5. Em face de tal informação, foi a Câmara Municipal da Maia questionada quanto às medidas a adoptar para garantir o respeito do projecto aprovado, designadamente, se pretendia V. Exa. ordenar a retirada do revestimento do muro (art. 58º do Decreto-Lei n.º 445/91, de 20 de Novembro, com a redacção conferida pelo Decreto-Lei n.º 250/94, de 15 de Outubro).

6. Em esclarecimentos ulteriores, prestados através do ofício n.º … de … .1998, refere V. Exa. que nada constando do projecto quanto ao revestimento do muro confinante com o prédio contíguo, nem sendo obrigatório que o projecto contemple tal aspecto, é entendimento dessa Câmara Municipal “que não há qualquer ilegalidade por parte do particular, devendo apenas caso coloque tela de alumínio – por razões estéticas – pintar esse revestimento”.

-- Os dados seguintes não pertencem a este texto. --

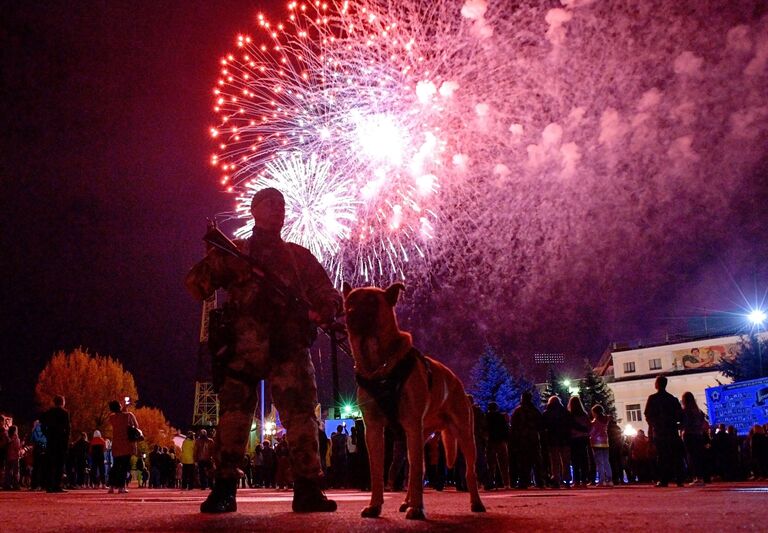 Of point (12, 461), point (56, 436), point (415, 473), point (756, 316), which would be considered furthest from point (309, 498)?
point (756, 316)

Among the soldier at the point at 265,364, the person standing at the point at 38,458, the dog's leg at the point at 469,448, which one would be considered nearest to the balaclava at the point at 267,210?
the soldier at the point at 265,364

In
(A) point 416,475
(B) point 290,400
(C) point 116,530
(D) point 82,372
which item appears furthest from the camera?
(D) point 82,372

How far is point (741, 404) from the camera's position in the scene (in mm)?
21625

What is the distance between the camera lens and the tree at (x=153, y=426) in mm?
76000

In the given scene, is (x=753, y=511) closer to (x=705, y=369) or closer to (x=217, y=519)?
(x=217, y=519)

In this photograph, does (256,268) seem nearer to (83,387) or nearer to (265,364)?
(265,364)

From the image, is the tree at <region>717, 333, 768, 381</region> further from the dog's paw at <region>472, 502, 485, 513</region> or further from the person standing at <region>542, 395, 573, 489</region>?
the dog's paw at <region>472, 502, 485, 513</region>

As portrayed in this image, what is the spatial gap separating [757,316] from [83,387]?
5305cm

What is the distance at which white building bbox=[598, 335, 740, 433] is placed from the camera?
217 ft

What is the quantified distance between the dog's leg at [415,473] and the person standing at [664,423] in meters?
9.85

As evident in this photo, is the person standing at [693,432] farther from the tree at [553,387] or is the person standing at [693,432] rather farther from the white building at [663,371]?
the white building at [663,371]

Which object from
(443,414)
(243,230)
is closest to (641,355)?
(243,230)

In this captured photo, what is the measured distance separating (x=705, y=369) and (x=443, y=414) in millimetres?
67269

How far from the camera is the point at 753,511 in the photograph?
15.6ft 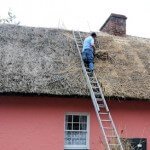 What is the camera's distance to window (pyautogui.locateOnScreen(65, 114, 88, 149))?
13.5m

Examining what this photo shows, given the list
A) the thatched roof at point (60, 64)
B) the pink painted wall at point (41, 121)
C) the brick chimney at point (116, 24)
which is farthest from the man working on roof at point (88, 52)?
the brick chimney at point (116, 24)

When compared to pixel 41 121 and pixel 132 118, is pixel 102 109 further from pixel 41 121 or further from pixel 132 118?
pixel 41 121

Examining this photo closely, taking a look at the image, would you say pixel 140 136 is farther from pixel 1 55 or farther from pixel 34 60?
pixel 1 55

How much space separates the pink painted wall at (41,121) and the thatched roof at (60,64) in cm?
58

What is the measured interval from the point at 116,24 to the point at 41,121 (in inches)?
319

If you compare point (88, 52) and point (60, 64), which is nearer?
point (60, 64)

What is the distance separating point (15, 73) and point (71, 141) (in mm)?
3102

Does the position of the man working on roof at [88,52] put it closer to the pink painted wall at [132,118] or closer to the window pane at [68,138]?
the pink painted wall at [132,118]

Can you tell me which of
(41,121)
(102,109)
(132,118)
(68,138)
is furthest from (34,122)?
(132,118)

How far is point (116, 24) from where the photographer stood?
1925 cm

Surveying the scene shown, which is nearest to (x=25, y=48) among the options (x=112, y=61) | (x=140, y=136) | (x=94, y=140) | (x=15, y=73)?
(x=15, y=73)

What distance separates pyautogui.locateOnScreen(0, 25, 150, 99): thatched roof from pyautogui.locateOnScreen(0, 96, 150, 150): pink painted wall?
1.90 feet

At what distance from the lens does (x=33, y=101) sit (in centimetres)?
1313

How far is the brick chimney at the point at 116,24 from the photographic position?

7. Cumpre-me referir, quanto a esta questão, que se encontram sujeitas a licenciamento municipal todas as obras, ainda que de simples conservação, restauro, reparação ou limpeza, que impliquem modificação da natureza e da cor dos materiais de revestimentos exteriores (art. 3º, n.º 1, alínea a), do regime aprovado pelo Decreto-Lei n.º 445/91, de 20 de Novembro, com a redacção conferida pelo Decreto-Lei n.º 250/94, de 15 de Outubro).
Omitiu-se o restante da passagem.